Pravind Jugnauth a posté un message pour dire qu’il a laissé le pays avec une bonne base financière.

— Il ne sait pas de quoi il parle et celui qui aurait à répondre, et donner des explications sur le bilan économique, est Padayachy. Même Adrien Duval s’est étonné de son silence après l’héritage économique catastrophique que le MSM et ses alliés ont laissé. Ils ont utilisé beaucoup de goudron, beaucoup de ciment pour les infrastructures et ont, donc, accordé beaucoup de contrats avec beaucoup de commissions à la clé. Nous sommes revenus à la situation de 1983 quand, six mois après être entré au gouvernement bleu blanc rouge MSM/PTr/PMSD et autres Gaëtan Duval declaraient : « This is the best governement money can buy. » Ca a été la cas du MSM et de ses alliés en 2014 et 2019 avec un gaspillage éhonté de l’argent public ! Ceux qui étaient au gouvernement, leurs proches des avocats, des consultants locaux et étrangers, etc. s’en sont donnés à cœur joie !

Vous n’êtes pas surpris que dans la responsabilité de la défaite du MSM et de ses alliés, personne ne parle du rôle qu’y a joué Kobita Jugnauth ?
— Non parce que légalement parlant, n’ayant pas été élue, elle n’a aucune responsabilité. Celui qui est le grand responsable c’est son mari, le Premier ministre et le cabinet dans son ensemble : ce sont eux qui ont été censurés par le peuple. Le PM doit assumer la responsabilité des décisions prises, même si elles l’ont été après que son épouse les lui ait susurrées à l’oreille. D’ailleurs, il ne faut pas oublier que nous avons eu une situation presqu’identique avant 2014 . On pourrait se demander si Kobita Jugnauth ne s’est pas inspirée de ce précédent…

En conclusion de l’interview d’octobre dernier, vous disiez : « la chose que je souhaite pour mon pays : que le changement qu’on nous a promis doit être un vrai changement radical (…) Parce que sinon, comme dit le proverbe créole, « K… là pou resté, zis mouche ki pou sanzé. » Vous maintenez ces propos ?
— Bien sûr ! C’est ce que disent également les gens sur les réseaux sociaux, sur les radios privées, tous les jours.

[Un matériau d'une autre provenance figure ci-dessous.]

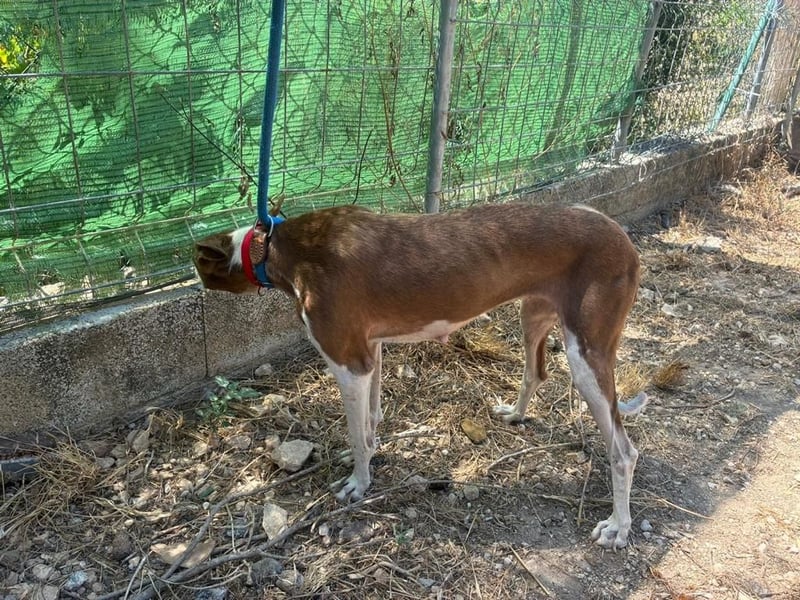 LOLA-die sanfte Schokopodenca auf der Suche nach ihrem Für-immer-Zuhause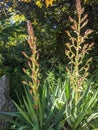Yucca plants in bloom in the garden Royalty Free Stock Photo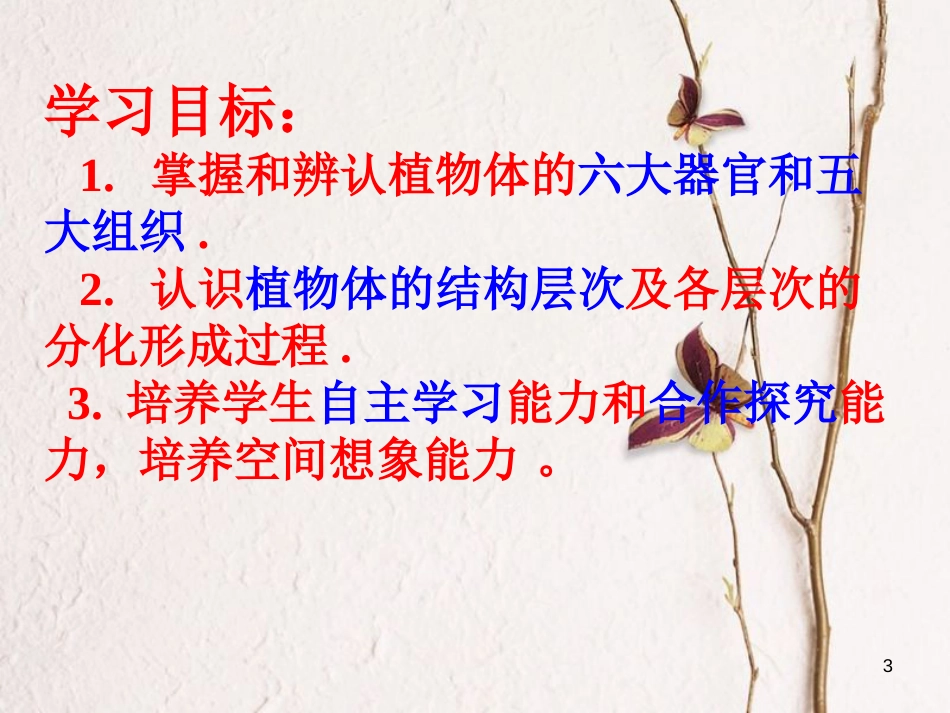 湖南省桑植县七年级生物上册 第二单元 第二章 第三节 植物体的结构层次课件 （新版）新人教版_第3页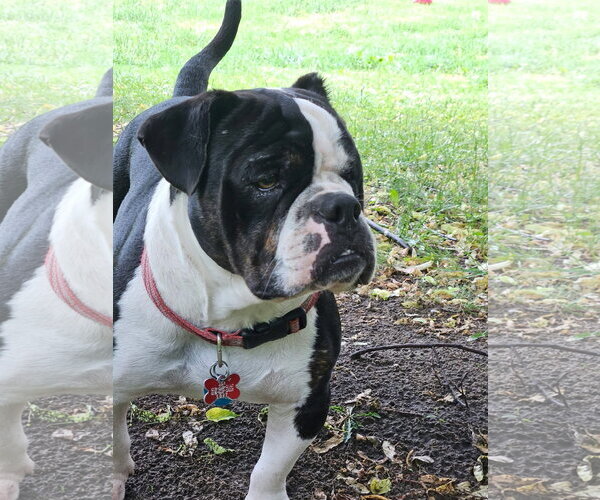 Medium Photo #12 Bulldog Puppy For Sale in St. Louis Park, MN, USA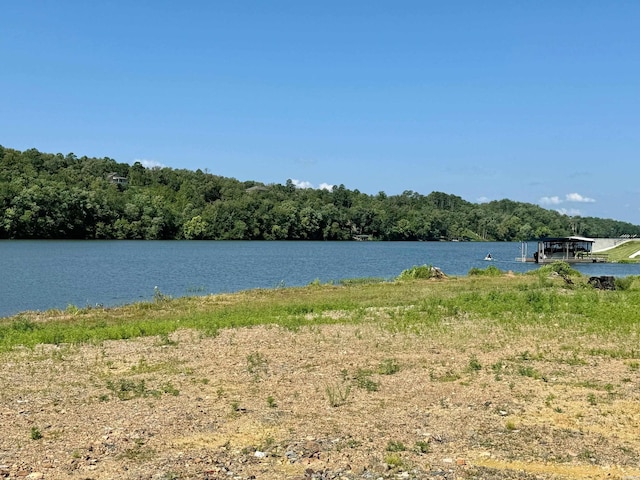 5141 Albert Pike Rd, Hot Springs, AR 71913 - photo 2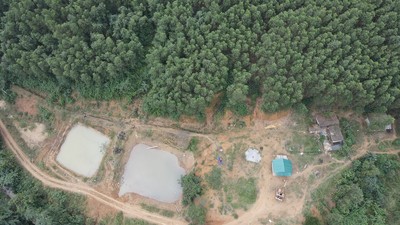 Quảng Bình: Cần kiểm tra lấn chiếm và sử dụng đất trồng rừng tại huyện Bố Trạch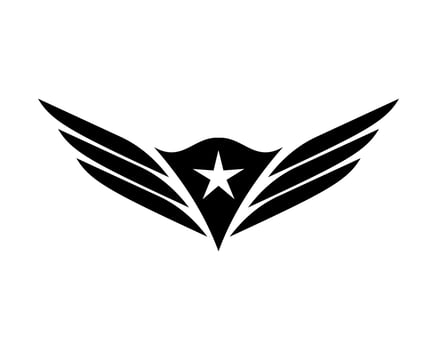 Vector illustration of a wing sign symbol. Can be used for anything related to flying, aviation, superhero, cargo, courier services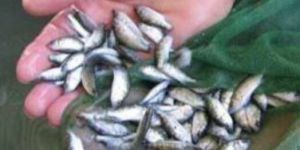 Hatchery Fish Seeds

Je pense que 2025 sera une année charnière et sera marquée par beaucoup de changements structurels, et que l’on jugera le nouveau gouvernement en décembre de l’année prochaine sur ses premières actions. Je le pense et je le souhaite car, si on veut léguer un pays où il fait bon vivre aux nouvelles générations, les dirigeants actuels doivent assurer la transition et restructurer l’appareil d’État, afin que chaque décision soit expliquée, et que chaque sou des fonds publics soit utilisé à bon escient et dans la transparence. Malgré toutes les difficultés qui nous assiègent, je pense que l’île Maurice a encore de beaux jours devant elle et, maintenant que la campagne électorale et les élections sont derrière nous, tout le monde doit se retrouver à la manœuvre : chacun doit être à son poste parce que nous allons traverser des zones de turbulences, et ce n’est qu’ensemble que nous arriverons à sortir de la mauvaise passe actuelle.